I have an idea to get the perfect 20, which goes like this:
Ubuntu 20.20 breaks the codename rule, because there is no 20th month. But, if we ignore the 12, you get 8. So it would be released as 20.08, which is Feature Freeze, maybe? on the 20th of August on 2020 at 20:20 UTC which can relate in military time.
However the 12 signifies one year, so it would be 21.08. But as mentioned it is Feature Freeze, and wouldn’t really be worth if we have a release two months later. But it can just be a release of a test build that will be called a release as 20.20 but won’t be actually taken too seriously-just for tradition which will be the release of a test build, like Final Freeze, which is pretty ridiculous to think about it, but for this tradition it makes the most sense.

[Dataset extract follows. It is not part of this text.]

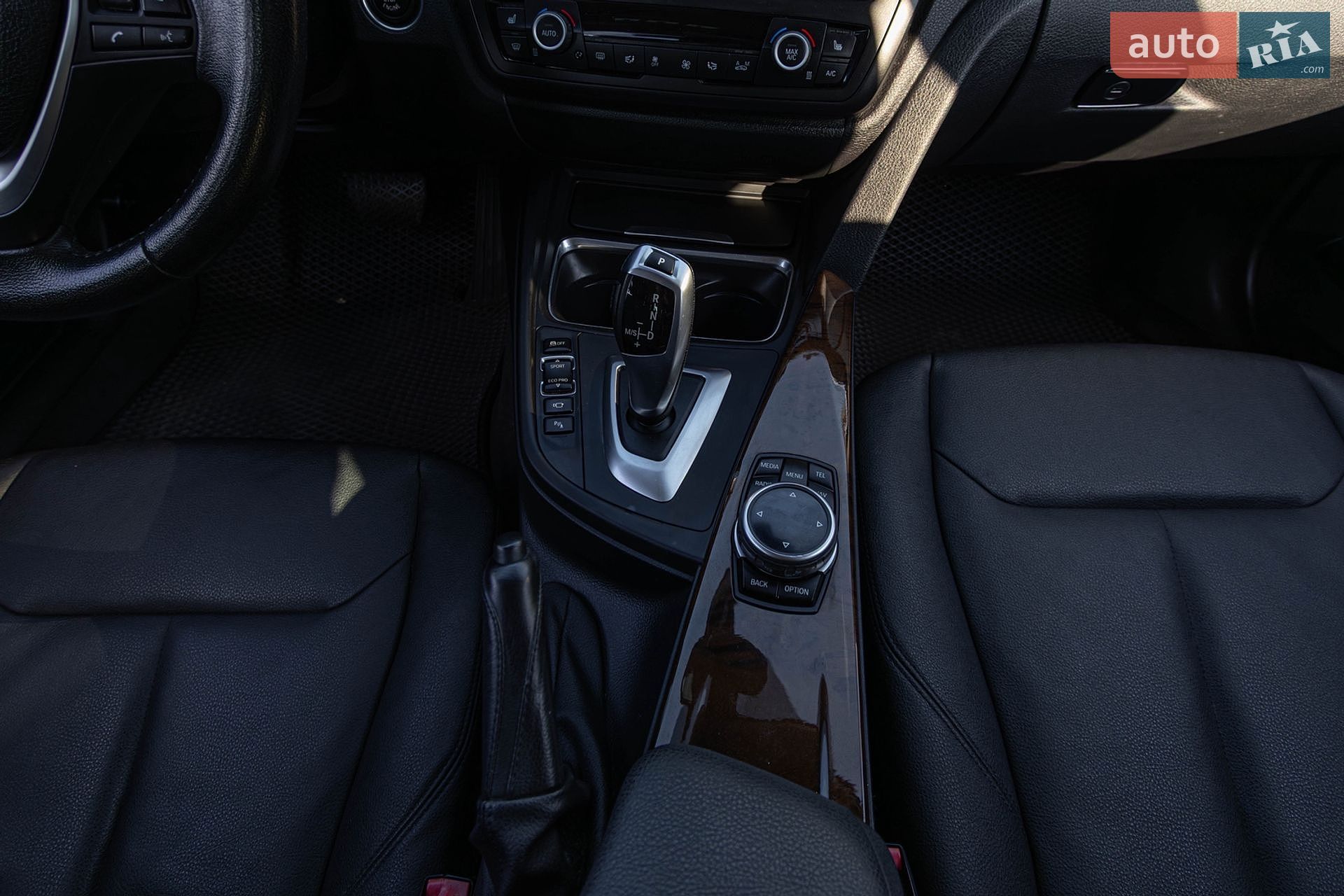 BMW 3 Series 2013 VIN WBA3B5C5XEP540351 фото оголошення 18 з 36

So we have Ubuntu 20.20, which will be 21.08, released on August 20th, 2021, which in 2020 calendars = 20/20/20/, and it would be released at 20:20 UTC time. (Or 8:20, to be exact) as a release that would not be taken seriously, and would only be available for like a day which can after that be accessed in Q.A. Archive and be called a release with the same name or mix of 21.04 and 21.20 or 20.04 and 20.04 (first name is 20.04 or 21.04 and last name is 21.04 or 20.04, which will probably be 20.04s name with the 20.04 animal). It would be the feature freeze (i think) of 21.10 and would be taken as a once in a lifetime opportunity because 30.30 is probably not going to happen because by then, all distros, maybe even Ubuntu probably would’ve died and one would’ve remained as the default for the world now that Windows is dead and possibly MacOS, and if not it is damn ridiculous.
And I know to people it will seem like “annoying”, “dumb”, “nonsense”, and probably “a major confusion in the community” that “makes Ubuntu seem like little kids trying to have fun”.
This is an idea, that should be thought of action now because again, Ubuntu might be gone by 30.30 (or 32.06, jesus), so it is something that should be done for fun, and if Ubuntu remains forever for some insane lucky reason, we do it is annual tradition.
Okay, so that was my long shpeel on what the Perfect 20 is, why we should do it and the issues it could possibly cause to the community. For now, we need community input-if everyone approves of this idea, or most people it might become a thing, which will be a lot of fun-kind of like Pi Day-a tradition of silliness, but not in a stupid way, just for history, and times sake.
So let me know what you guys think of this.